Write out again, exactly, the lines below starting at the one with "10498 Highway 118, Algonquin" and ending at the one with "PM Pham Minh".

┌─ SOURCE INFORMATION

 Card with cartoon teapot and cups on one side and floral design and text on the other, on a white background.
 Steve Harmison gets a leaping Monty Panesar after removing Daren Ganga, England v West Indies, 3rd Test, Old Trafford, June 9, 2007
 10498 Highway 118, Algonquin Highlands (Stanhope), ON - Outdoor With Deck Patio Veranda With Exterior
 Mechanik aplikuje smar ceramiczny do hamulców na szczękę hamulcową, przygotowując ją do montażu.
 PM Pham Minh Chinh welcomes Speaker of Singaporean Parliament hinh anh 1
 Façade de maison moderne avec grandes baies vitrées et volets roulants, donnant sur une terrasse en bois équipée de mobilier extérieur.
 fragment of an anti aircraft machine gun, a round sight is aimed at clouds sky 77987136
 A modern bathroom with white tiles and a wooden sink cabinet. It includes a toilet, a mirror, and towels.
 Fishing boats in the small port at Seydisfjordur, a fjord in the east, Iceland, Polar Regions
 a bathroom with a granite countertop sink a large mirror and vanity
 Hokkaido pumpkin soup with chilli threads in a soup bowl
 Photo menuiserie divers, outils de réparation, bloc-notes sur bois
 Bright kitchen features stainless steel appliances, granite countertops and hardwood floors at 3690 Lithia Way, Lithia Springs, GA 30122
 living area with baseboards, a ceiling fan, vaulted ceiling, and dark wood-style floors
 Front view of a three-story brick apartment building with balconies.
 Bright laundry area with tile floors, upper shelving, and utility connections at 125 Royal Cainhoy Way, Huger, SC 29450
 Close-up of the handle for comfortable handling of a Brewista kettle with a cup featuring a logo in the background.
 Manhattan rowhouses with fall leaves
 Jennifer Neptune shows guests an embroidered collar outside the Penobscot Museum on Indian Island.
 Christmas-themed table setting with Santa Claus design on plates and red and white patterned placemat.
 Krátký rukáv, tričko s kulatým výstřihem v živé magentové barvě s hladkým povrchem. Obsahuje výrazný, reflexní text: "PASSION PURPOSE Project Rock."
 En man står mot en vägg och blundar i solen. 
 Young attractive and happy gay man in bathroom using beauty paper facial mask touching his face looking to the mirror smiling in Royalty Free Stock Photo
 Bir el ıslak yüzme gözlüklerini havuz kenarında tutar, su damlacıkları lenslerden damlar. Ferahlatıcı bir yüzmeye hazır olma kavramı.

└─

OUTPUT FOR THIS EXERCISE:
 10498 Highway 118, Algonquin Highlands (Stanhope), ON - Outdoor With Deck Patio Veranda With Exterior
 Mechanik aplikuje smar ceramiczny do hamulców na szczękę hamulcową, przygotowując ją do montażu.
 PM Pham Minh Chinh welcomes Speaker of Singaporean Parliament hinh anh 1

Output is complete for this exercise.